JarryShaw / PyPCAPKit

Python-based Comprehensive Network Packet Analysis Library

Home Page:https://jarryshaw.github.io/PyPCAPKit/

Geek Repo:Geek Repo

Github PK Tool:Github PK Tool

InfoClass instanciation calls `os.stat`, ruining performance

59e5aaf4 opened this issue · comments

(thanks for having written the best PCAP parsing library out there !)

The bug

Problem: pcap parsing is slow, it takes 1s to parse a single .pcap file with 1 packet.

When parsing packet layers (our use case is TCP reassembly with pcapkit.extract().reassembly.tcp), InfoClass objects (Info) are instanciated quite a large number of times, as expected.

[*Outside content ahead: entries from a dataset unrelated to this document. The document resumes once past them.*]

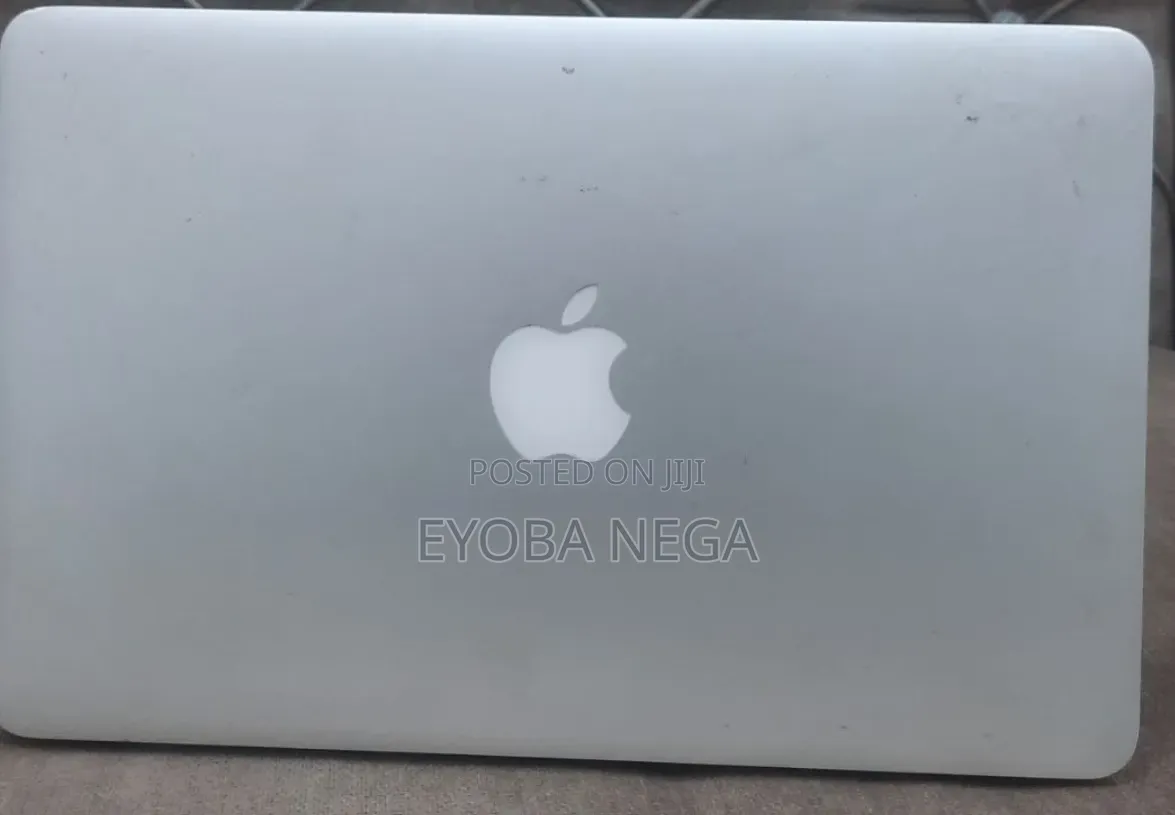 Laptop Apple MacBook Air 2015 4GB Intel Core i5 HDD 500GB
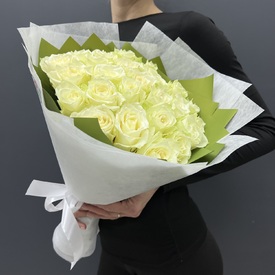 Букет из 25 белых роз 40см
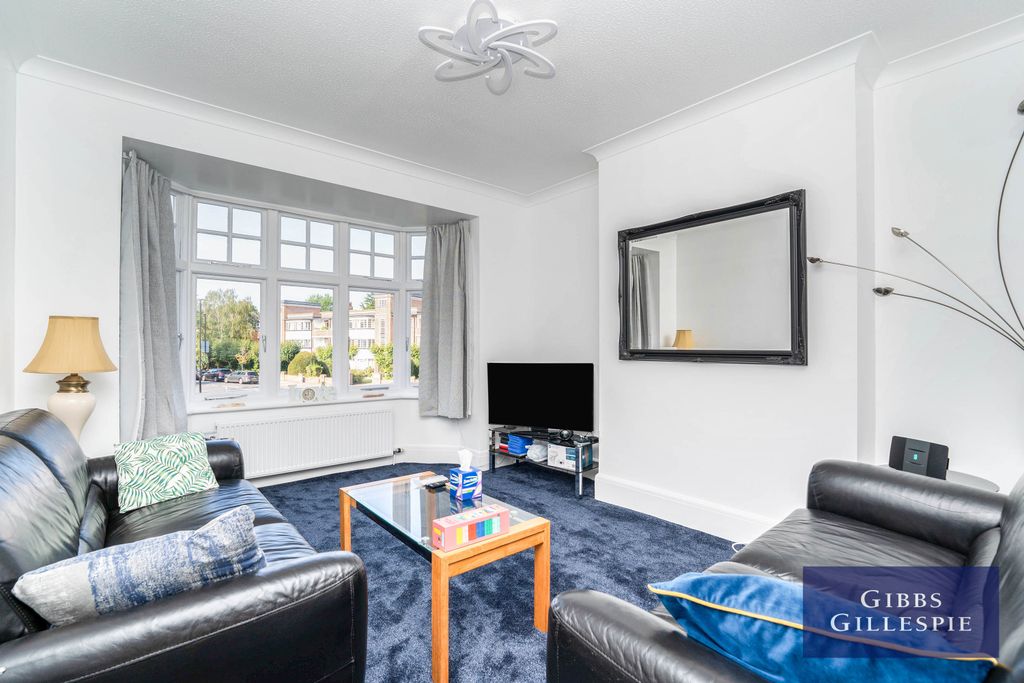 Property photo 3 of 10 Property Image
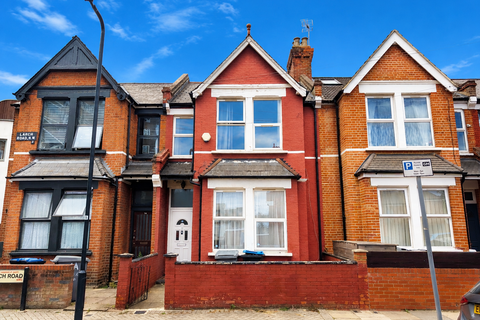 5 bed terraced house for rent in Larch Road, London NW2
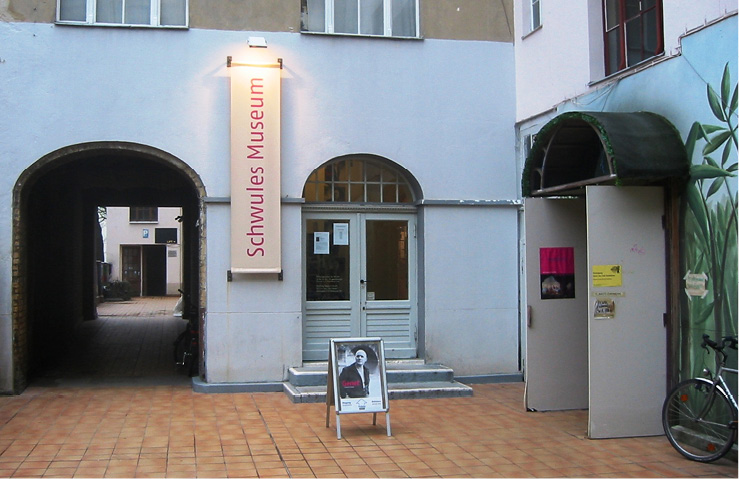 Abb. 1 Blick in den ersten Hinterhof des Schwulen Museums* am Mehringdamm im Jahr 2012 (Quelle: Autor_in)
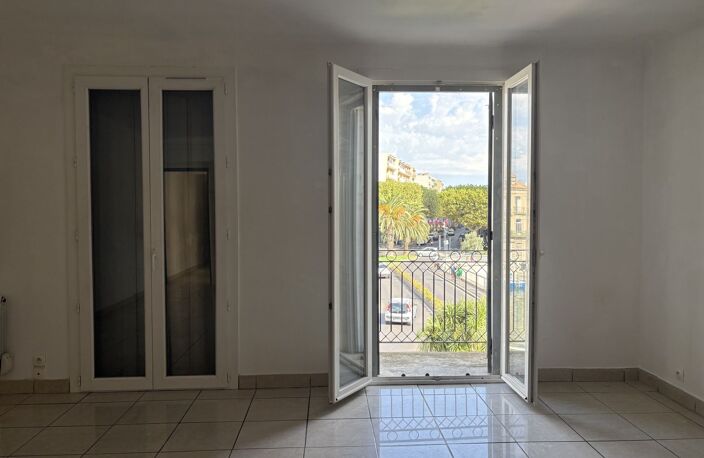 Immeuble local commerciale — photo 4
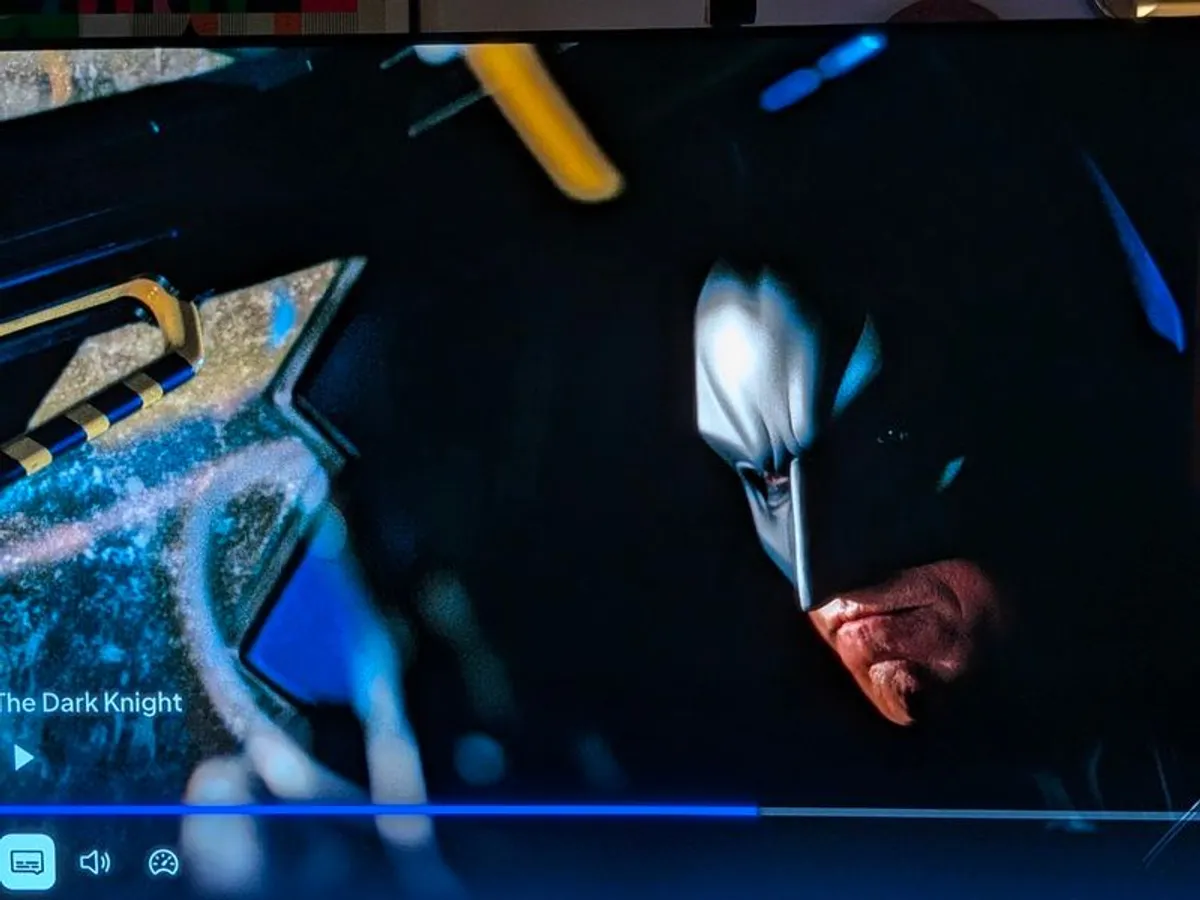 55" LG CS6 4K OLED with swivel stand and Govee Backlight - Image 4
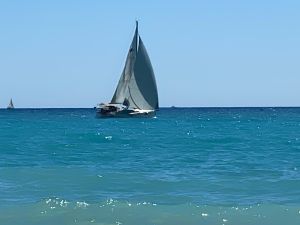 3828768F-417E-421C-A682-B0D57A479B3A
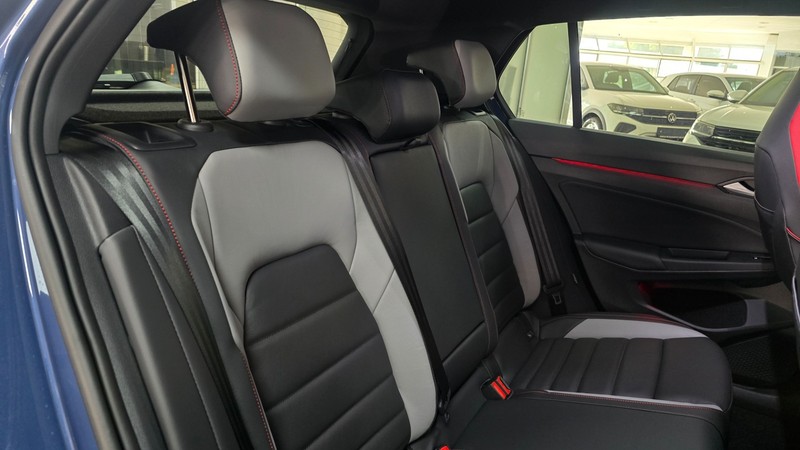 Volkswagen Golf - Hatfield VW Northcliff - Image 11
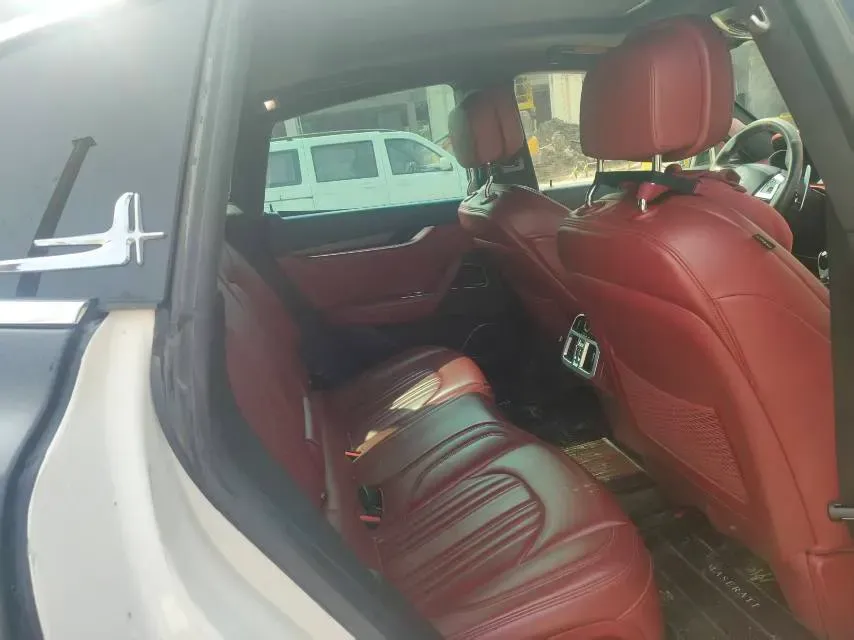 2016 Maserati Levante 3.0T 430HP V6 8AT,autocango,china used car exporter,china ev exporter,chinese used car exporter,chinese used ev exporter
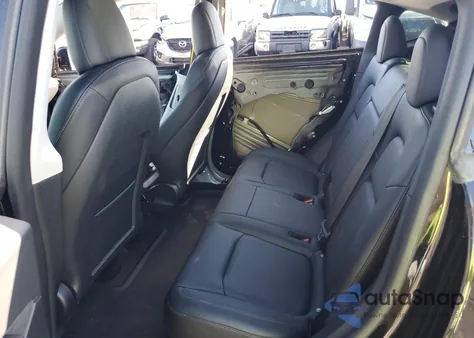 2022 Tesla Model Y from USA, damaged, VIN 7SAYGDEE2NF391349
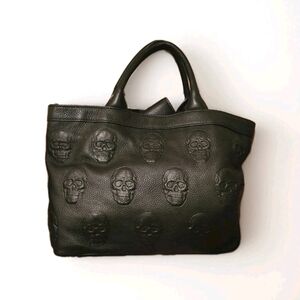 NEW! NWOT IO PELLE Italy Large 3D Skull Leather Weekender Tote Bag Black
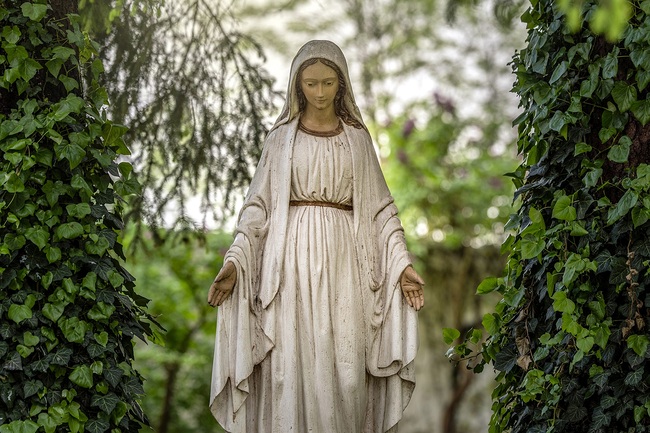 Die Marienstatue im Garten des Bischofshauses ist ein Ort der Andacht und des Gebets. Sie war ein Geschenk der Schwestern von Bethlehem aus dem Kloster „Maria im Paradies“ auf der Kinderalm bei St. Veit im Pongau an Erzbischof Franz Lackner.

In the initialization code of said classes ( https://github.com/JarryShaw/PyPCAPKit/blob/master/src/corekit/infoclass.py#L55 ) , a call to the validations.dict_check is usually performed.

validations.dict_check itself calls inspect.stack() (here: https://github.com/JarryShaw/PyPCAPKit/blob/master/src/utilities/validations.py#L128 ) , and here lies the problem : inspect.stack() performs causes os.stat to be called.

See the bottom of the following trace graph,

python3 -m cProfile -o /tmp/parse_pcap.pstats ./my-script.py
gprof2dot -f pstats /tmp/parse_pcap.pstats | dot -Tpng -o /tmp/parse_pcap.png

parse_pcap

System information
A clear and concise description of your system information.

  • OS Version:CYGWIN_NT-10.0 3.0.7(0.338/5/3) 2019-04-30 18:08 unknown unknown Cygwin (uname -srvpio)
  • Python Version: 3.6.8
  • Python Implementation: CPython [GCC 7.4.0] on cygwin

Traceback stack
Run program again with PCAPKIT_DEVMODE=true set to provide the traceback stack.

It's not a crash, but to reproduce this I just had to ctrl-C since 90% of the code execution is spent there :)

Traceback (most recent call last):
  File "/usr/lib/python3.6/runpy.py", line 193, in _run_module_as_main
    "__main__", mod_spec)
  File "/usr/lib/python3.6/runpy.py", line 85, in _run_code
    exec(code, run_globals)
  File "/usr/lib/python3.6/cProfile.py", line 161, in <module>
    main()
  File "/usr/lib/python3.6/cProfile.py", line 154, in main
    runctx(code, globs, None, options.outfile, options.sort)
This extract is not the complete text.